I imagine a lot of folks here have read Dan Barker's
Easter Challenge.
I suspect that humbleman has not run across it yet, so I'm interesting in his taking it on. Anybody else, for that matter.
Follow the instructions, humbleman.
Haven't yet thoroughly read this, but the gist I gather so far of the challenge, quickly browsing over is; what humbleman has indicted previously: These look
more like four individual's
recollections of the same event i.e. four individual perspectives.
Well, duh. They all draw upon GMark, sometimes verbatim. It's no surprise they sorta look the same. Then, they each rearrange it and add their own pieces. And guess what?

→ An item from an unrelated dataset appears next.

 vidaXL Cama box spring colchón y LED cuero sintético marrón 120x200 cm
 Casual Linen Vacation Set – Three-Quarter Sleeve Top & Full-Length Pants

Most of the stuff that they fill in to add detail to GMark's sparse story line comes from the same source! (aka Q)
Of course, when the time came to gather all the stories together, they were forced to pick and choose between the ones they were to keep and dispense with the rest. My supposition is that they went with cobbled versions of the four most popular versions (like GMark, the core and muse for the other gospels, got a tacked on ending) with the most practicing 'christians' at the time of official adoption. That's four out of dawg knows how many different versions of the stuff. It could be that the ones kept were the most similar....well, John stretched that. So many that "just weren't credible".
Remember, the second through the fourth centuries were the heyday of rampant heresy. Hells bells, even the faithful fell subject to heretical temptations. Like, Origen himself.
What time did the women visit the tomb?
This is hardly the BIG STOPPER by the mere minor issue - non synced /
precised timing - given that in light of scholars who insist these texts were written
many decades later were
still remarkably close as recalled events from four various individual texts. And not being identical which would otherwise be suspect.
You pick out one of a myriad of details and suggest that it was a minor issue. Of course it was. It's not one issue that is a stopper, it is the entire construct of multiple misrepresentations and contradictions that run throughout. The similitude to that of fictional construct....hero biography, a common form of literary entertainment throughout the Grecophonic world, thanks to the Homeric traditions...well, it is striking. Built upon a structure lifted from the Elijah-Elisha narratives in Kings and Chronicles of the Hebrew Bible (in Greek, of course, the
Septuagint)....that's Q. You have, in consequence, a Hellenistic rendering of an Israelite hero biography heuristic. You might as well dub the comic book series,
**Messiah** and put a cape on him. "Here he comes to save your soul!" Ready made for Saturday morning cartoons.